What you write should match, word for word, the lines from the one containing "鞋子 女士 凉鞋 JB Martin ORPHEE Croute / 天鹅绒 / 米色" through the end of the data, with no pictures.

*** Opening of DATA EXTRACTS ***

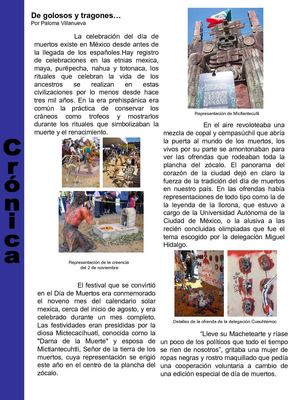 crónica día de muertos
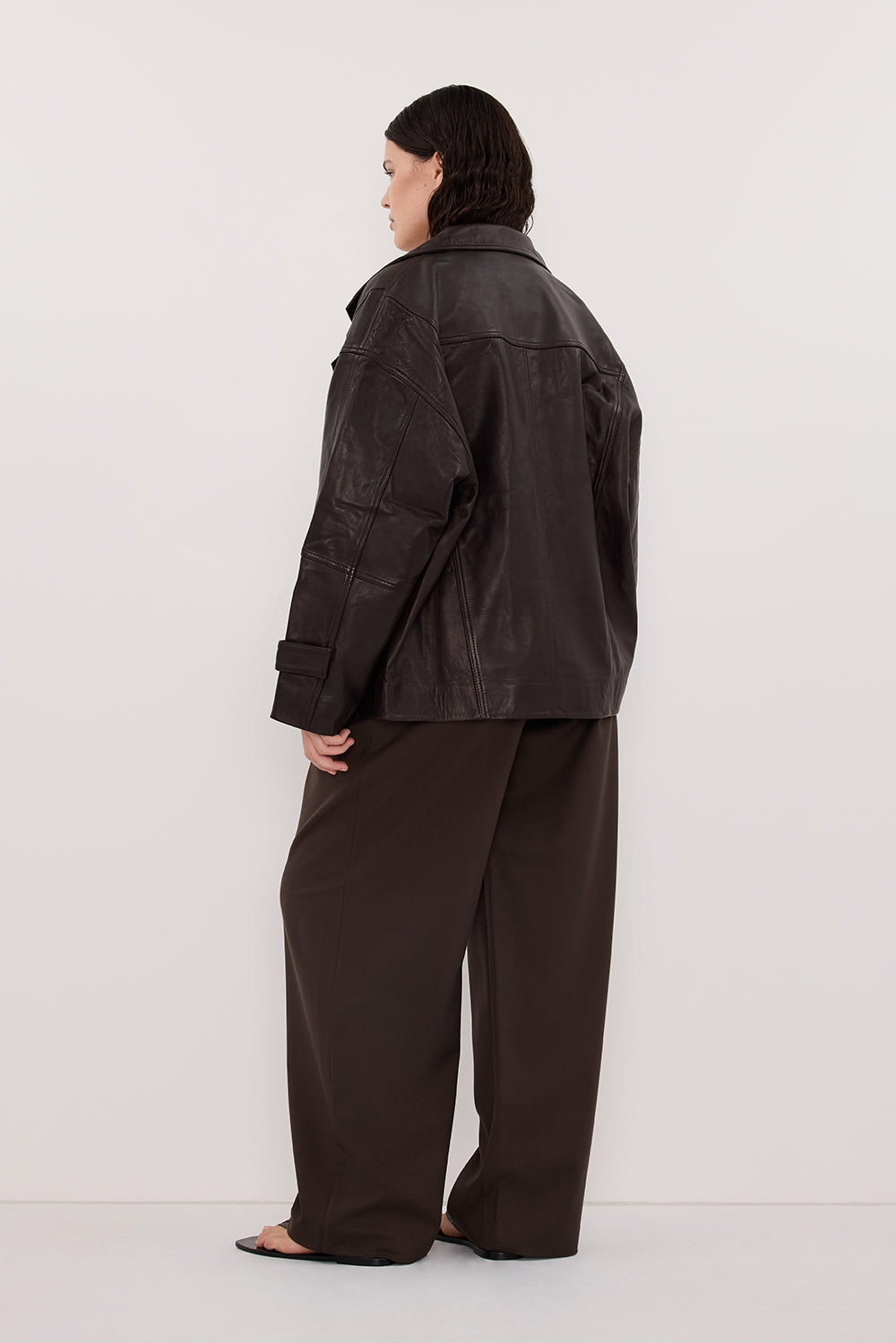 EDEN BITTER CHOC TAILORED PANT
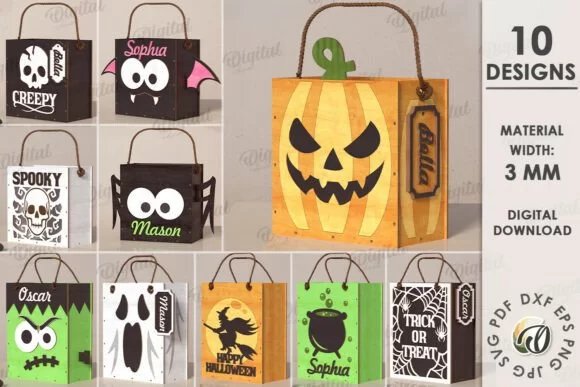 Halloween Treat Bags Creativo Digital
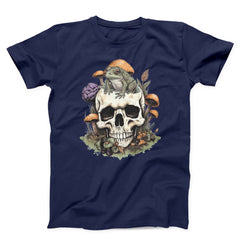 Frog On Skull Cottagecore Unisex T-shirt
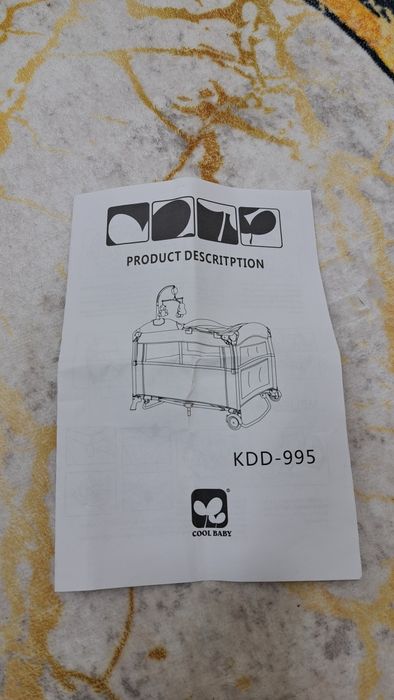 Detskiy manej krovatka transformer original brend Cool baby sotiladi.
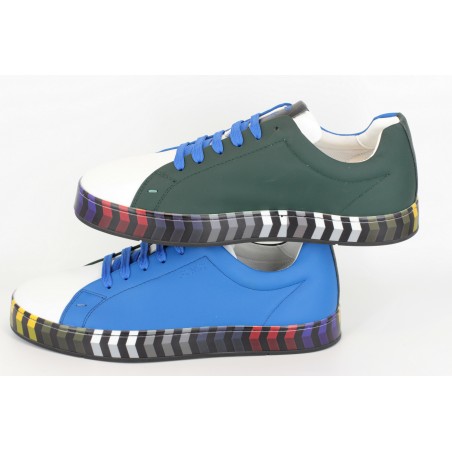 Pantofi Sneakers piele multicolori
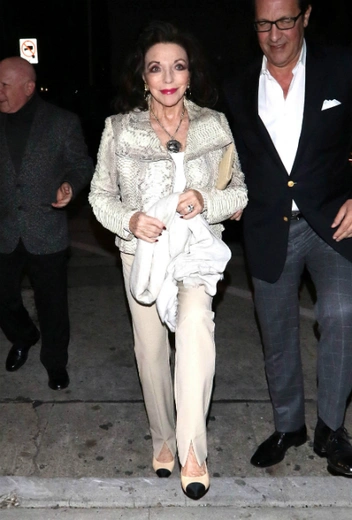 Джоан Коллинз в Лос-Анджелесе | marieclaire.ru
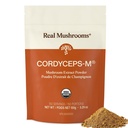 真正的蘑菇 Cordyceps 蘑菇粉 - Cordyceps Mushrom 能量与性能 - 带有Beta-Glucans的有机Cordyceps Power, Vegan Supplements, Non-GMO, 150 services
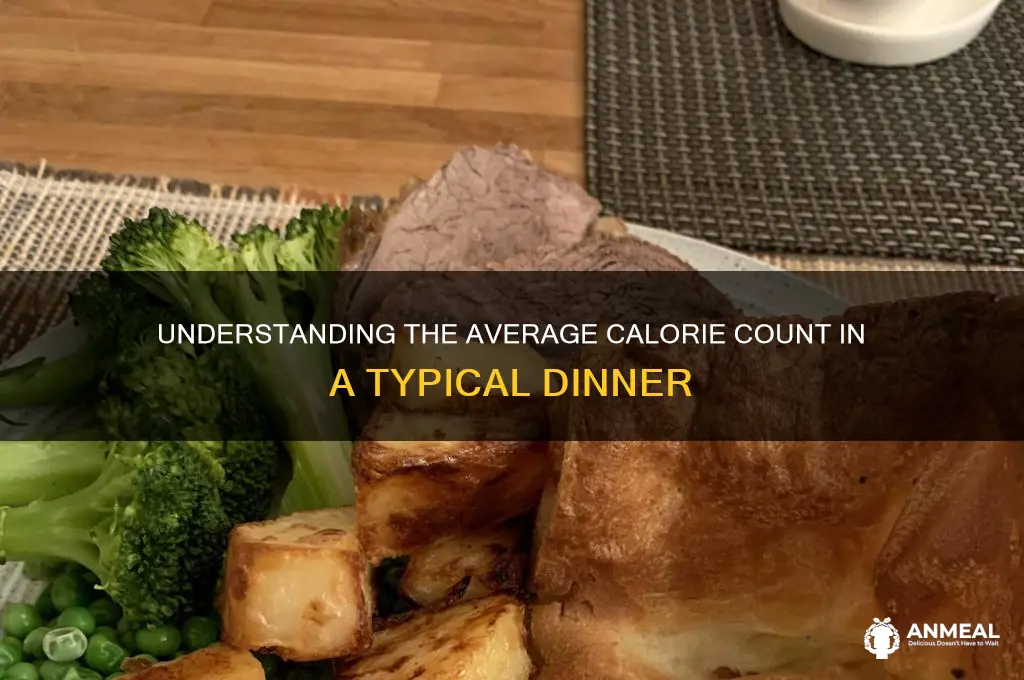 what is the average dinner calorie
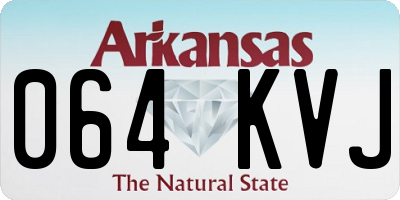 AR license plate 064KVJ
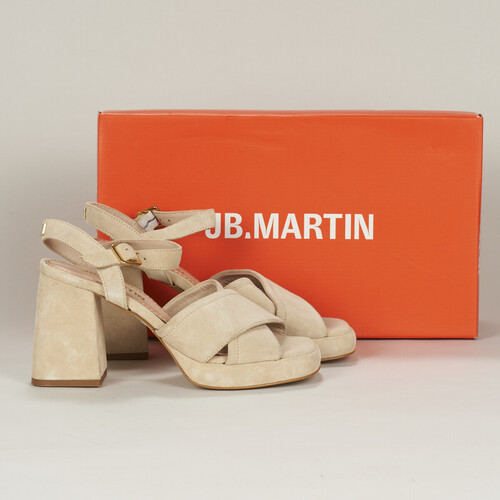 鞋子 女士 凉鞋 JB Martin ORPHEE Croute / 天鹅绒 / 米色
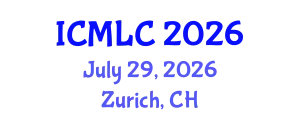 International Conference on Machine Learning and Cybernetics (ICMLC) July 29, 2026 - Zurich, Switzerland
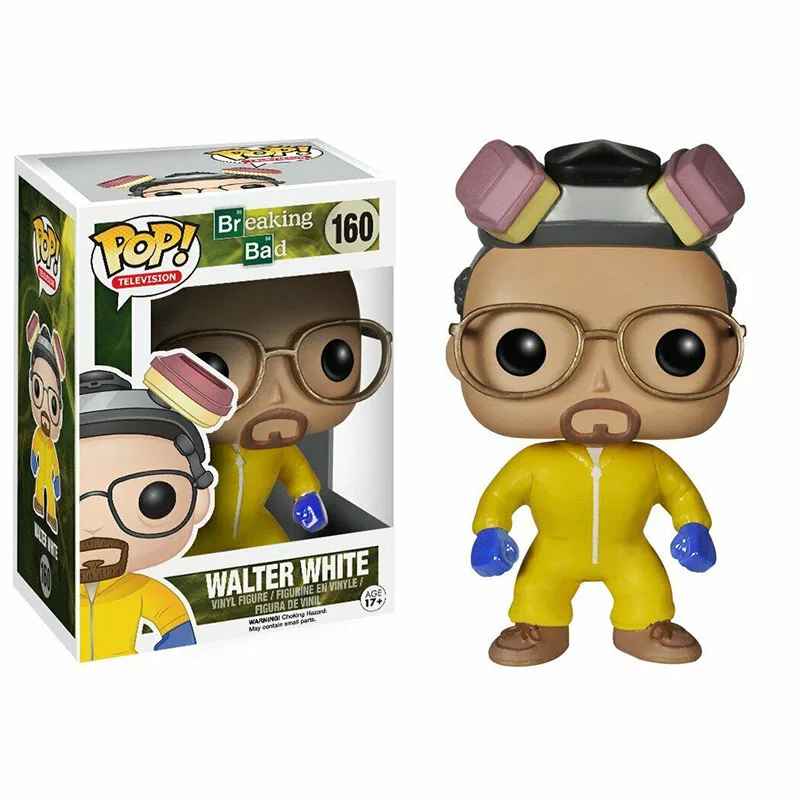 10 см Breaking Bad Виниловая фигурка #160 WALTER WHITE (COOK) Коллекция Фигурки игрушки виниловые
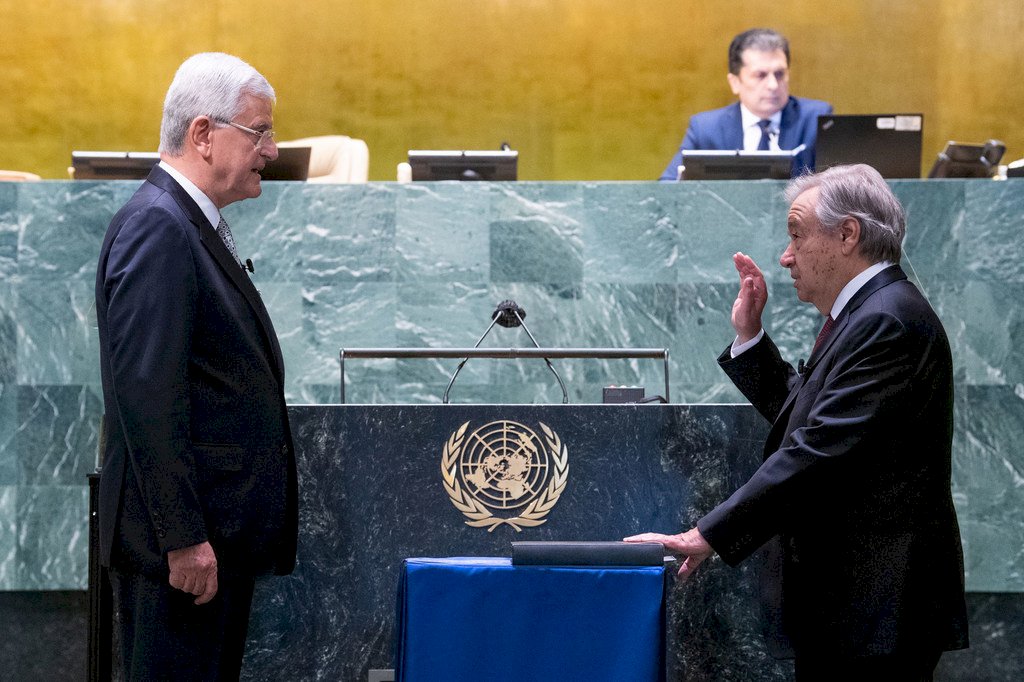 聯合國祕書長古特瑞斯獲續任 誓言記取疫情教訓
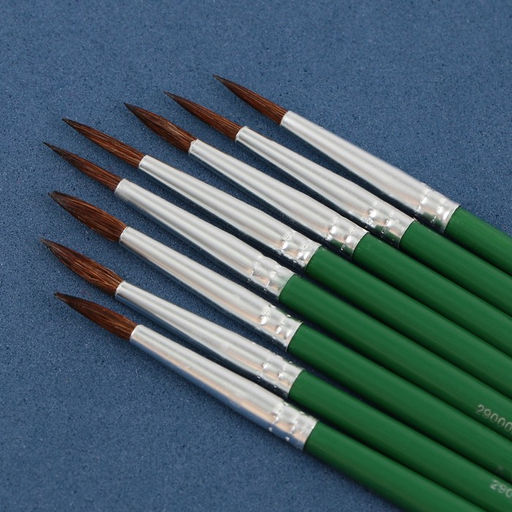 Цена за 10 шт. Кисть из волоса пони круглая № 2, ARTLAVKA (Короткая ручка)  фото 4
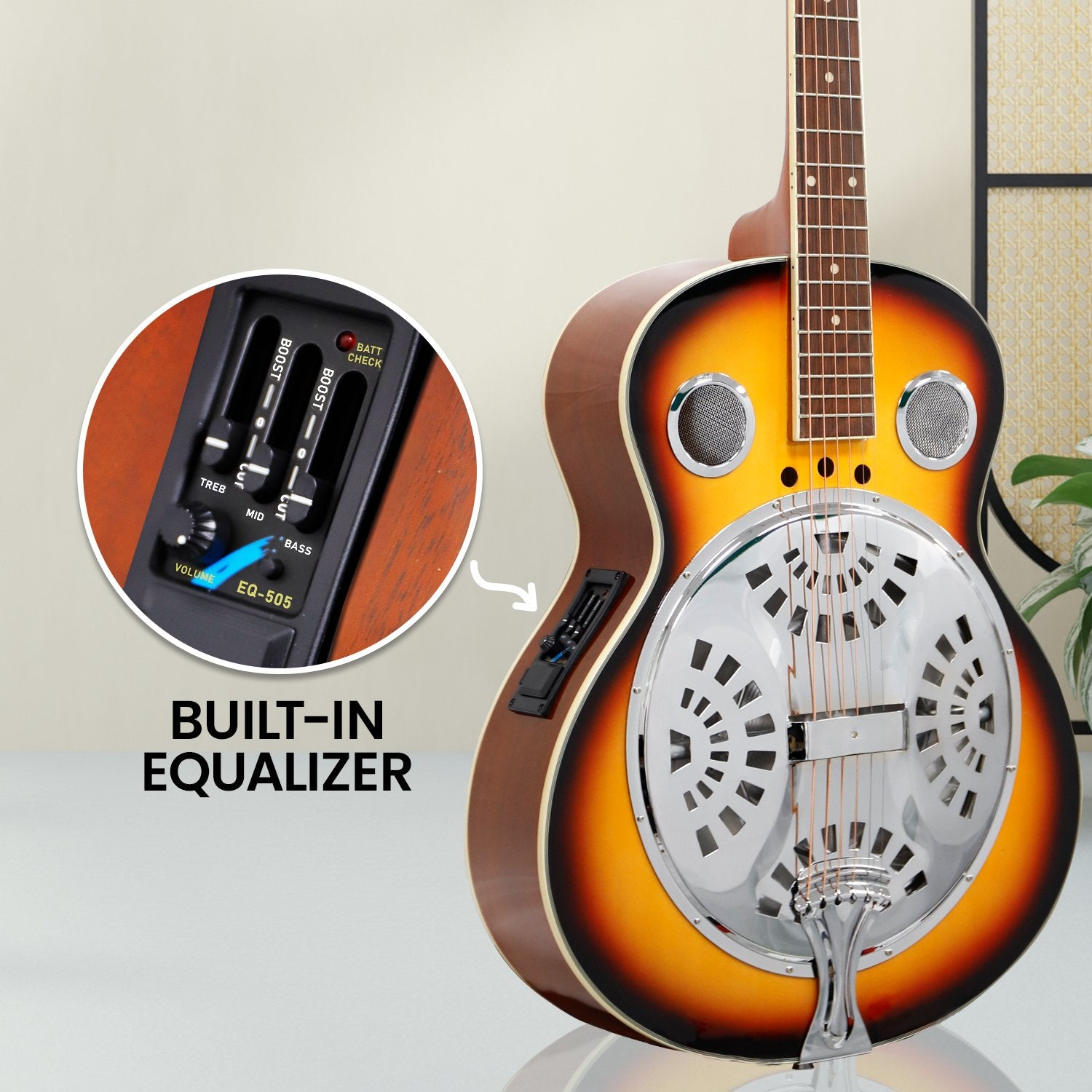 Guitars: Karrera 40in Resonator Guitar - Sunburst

*** Close of DATA EXTRACTS ***

YOUR SOLUTION:
 鞋子 女士 凉鞋 JB Martin ORPHEE Croute / 天鹅绒 / 米色
 International Conference on Machine Learning and Cybernetics (ICMLC) July 29, 2026 - Zurich, Switzerland
 10 см Breaking Bad Виниловая фигурка #160 WALTER WHITE (COOK) Коллекция Фигурки игрушки виниловые
 聯合國祕書長古特瑞斯獲續任 誓言記取疫情教訓
 Цена за 10 шт. Кисть из волоса пони круглая № 2, ARTLAVKA (Короткая ручка)  фото 4
 Guitars: Karrera 40in Resonator Guitar - Sunburst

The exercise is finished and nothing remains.